Sarah Rixham has walked some of the longest highlines in the world, seeking out adventurous lines in remote places. She was introduced to slacklining at school. “Our outdoor education teachers gave us slacklines and we went to the Botanical Gardens [in Sheffield] in free periods messing around. I wasn't very good in the beginning, I was probably the slowest out of all my friends... it definitely needs some persistence.”

Sarah is now one of the best female slackliners in the world. In 2015 she walked 122m on a line 2002m above sea level high in the mountains in Moleson, Switzerland. The walk is featured in a film, A Morning Over the Clouds, and she held the record for the longest that a female has walked on a highline for over a year.

A Canadian woman has since walked further, and the record currently stands at 200m. Sarah says, “I’m really happy other people are pushing that now and  I think women will walk some much longer lines soon!”  

“I don’t think [the record] really means anything, it’s more about personal goals and what you can achieve for yourself. Maybe I’m a bit stubborn, if I’m not good at something I want to get better, I won’t give up. Somehow I think it helps you if you find something difficult, you know how to work through a challenge and you keep going when you get to more barriers.”

“I’d like to think it’s adventurous, definitely! You can make it that way, or you can make it quite tame. I try to push it when I can.”

To Sarah, adventurous highlining would mean “Going out to a place you don’t know where you have a big walk in. Going there for a few days, so you have to carry all your camping stuff. Where you don’t know what the highline is going to be like, just finding out when you get there.”
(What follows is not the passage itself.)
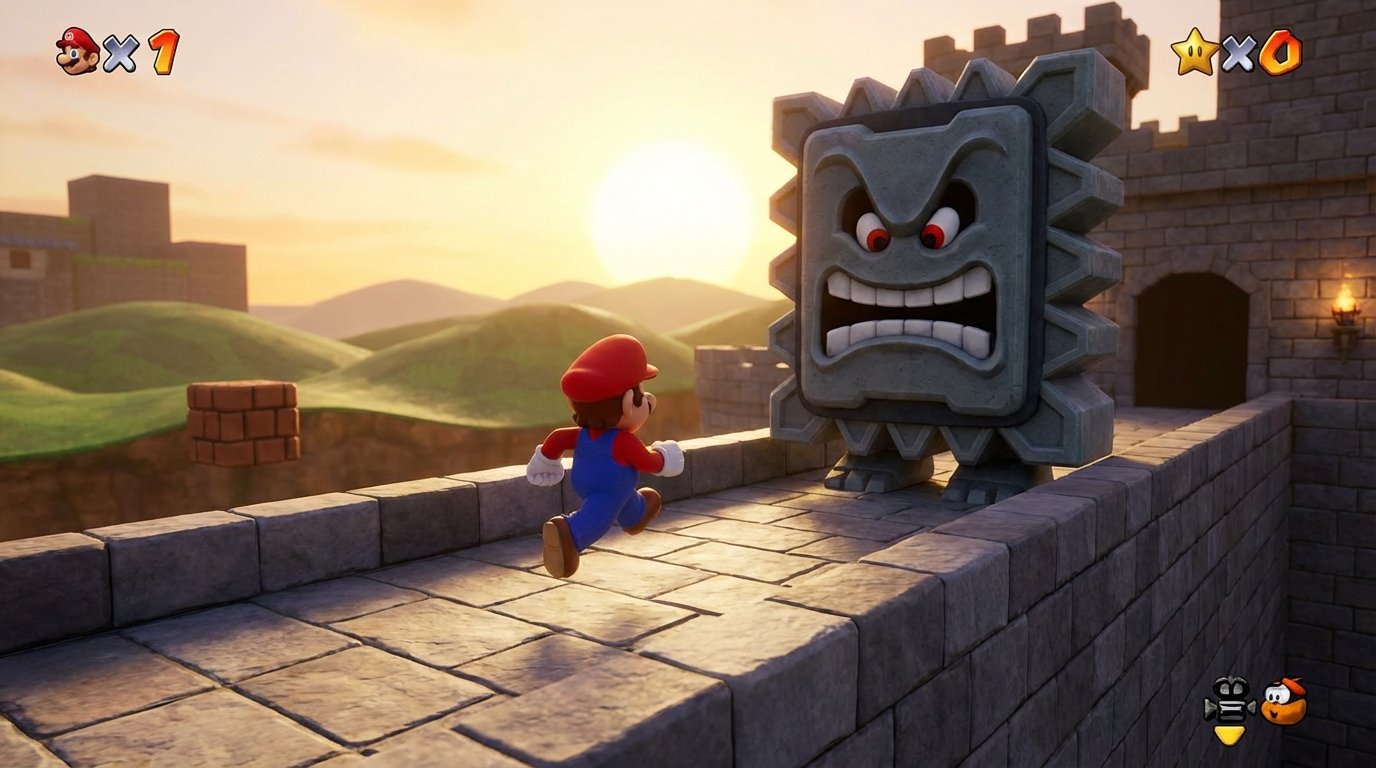 Super Mario 64 game screenshot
“Highlining has the potential to be risky if you rig it wrong, but if you do it properly it can be a really safe sport. It has a massive perceived risk, it can be terrifying, but you're actually quite safe. “

“It’s cool in the mountains where you have big gaps that are really aesthetic. Any big cliffs or big rock features. In the UK there aren’t lots of different options, so we end up in quarries a lot.”

Slacklining (balancing on a piece of webbing to walk across a gap) can be done anywhere, in cities, parks, or mountains. Sarah explains that although you can make it as adventurous as you want, a lot of people are slacklining more socially, just to be in the community going out to nice places.  “We have meetings, and there's also a lot of festivals in Europe where we’re camping in the mountains. Everybody really loves the outdoors, and that’s a massive part of it, just to be out there.”
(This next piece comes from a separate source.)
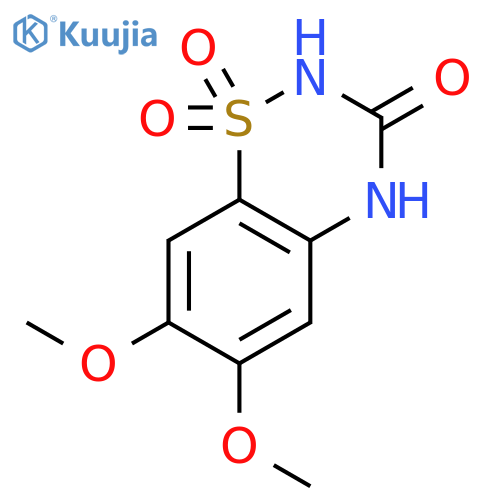 2H-1,2,4-BENZOTHIADIAZIN-3(4H)-ONE, 6,7-DIMETHOXY-, 1,1-DIOXIDE structure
Highlining is a more extreme form of slacklining, where the line is rigged high above a gap. Sarah believes that with highlining, there’s absolutely no reason that women can’t be the same as men. “Differentiating men and women is kind of pointless. There definitely are more and more women starting and getting really good, but there’s still a high proportion of men. I don’t know why. I get just as many girls as guys coming up wanting to try and they learn just as quickly.”

“The community for highlining is amazing, it makes the sport so much fun, everybody is so encouraging of every person, if they're new or if they've been doing this stuff for a long time. It’s always like that wherever you go.”

Regardless of their experience everybody has something they find hard. “Now that I want to walk longer lines I find it hard to find the concentration you need to keep going. It’s about getting into a flow and forgetting about what you're doing and just walking, which I find really tough.”

“When you’re up on the highline you don’t really have anything to do, you need to just forget everything. You have to get to that state where your body knows what it’s doing. When you're trying to balance on a highline there's really nothing around you, you feel exposed... I love that feeling, like floating in the sky. It's awesome to just be in space.”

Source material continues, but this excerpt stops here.